- **ASSIGNED TASK**
Starting at the line that contains "Diglett (38/83) [XY: Generations]", write out each line exactly through the last one in the material below, and nothing more; omit all pictures.

- **DATASET**
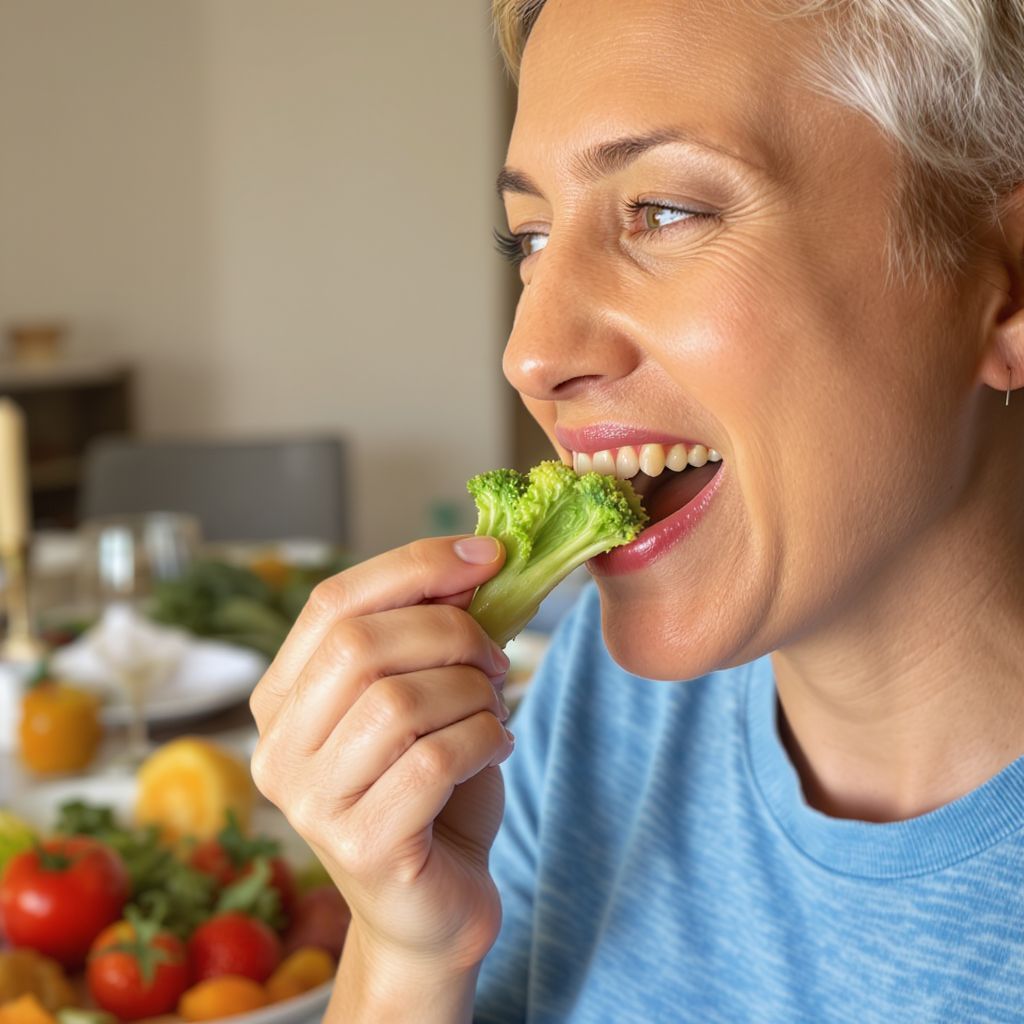 A rágás elősegíti a tápanyagok jobb felszívódását.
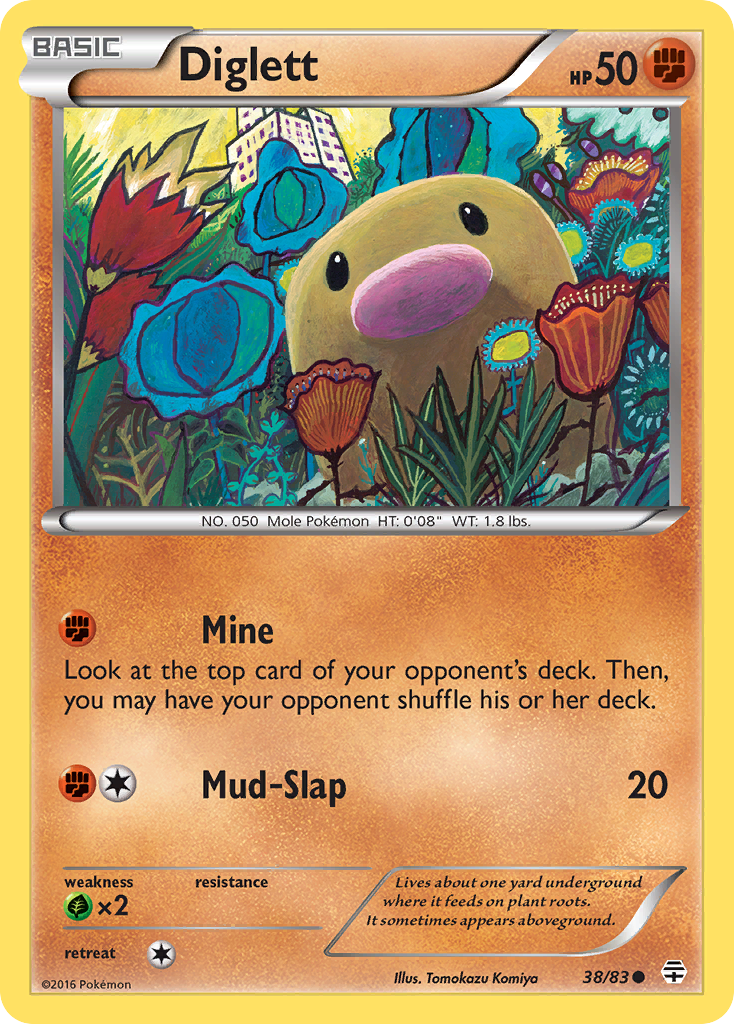 Diglett (38/83) [XY: Generations] | All Aboard Games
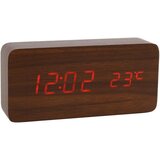 Venisymlis Lesena Digitalna Ura - Večnamenska Led Budilka S Prikazom Časa/Datuma/Temperature In Glasovnim Upravljanjem, (22060488) Cene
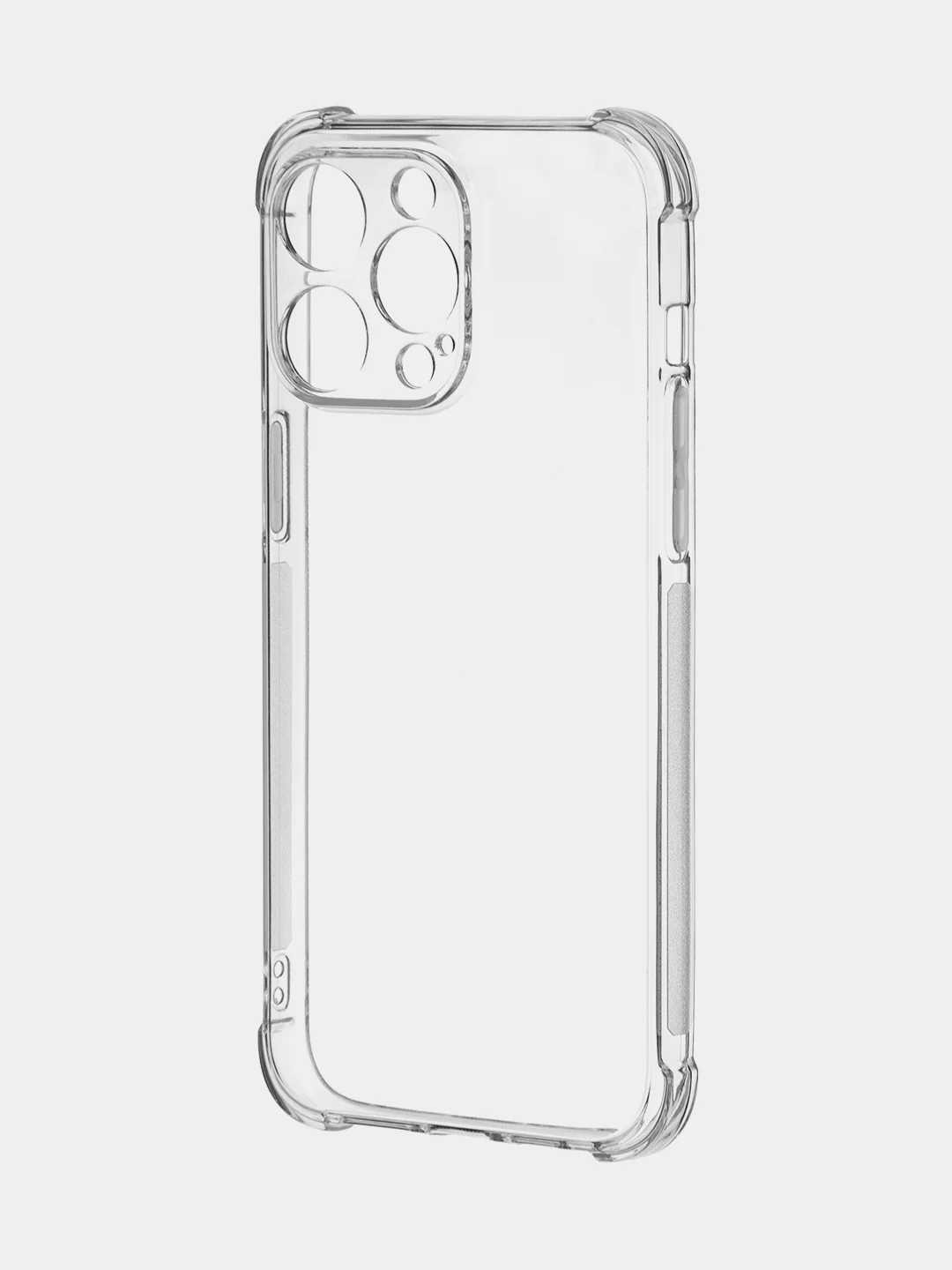 Прозрачный чехол для iPhone 15, 14, Pro, Max, Plus, силиконовый, BROSCORP, противоударный, углы, карман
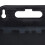 Slangeholder sort 2-pak 8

- **EXERCISE RESULT**
 Diglett (38/83) [XY: Generations] | All Aboard Games
 Venisymlis Lesena Digitalna Ura - Večnamenska Led Budilka S Prikazom Časa/Datuma/Temperature In Glasovnim Upravljanjem, (22060488) Cene
 Прозрачный чехол для iPhone 15, 14, Pro, Max, Plus, силиконовый, BROSCORP, противоударный, углы, карман
 Slangeholder sort 2-pak 8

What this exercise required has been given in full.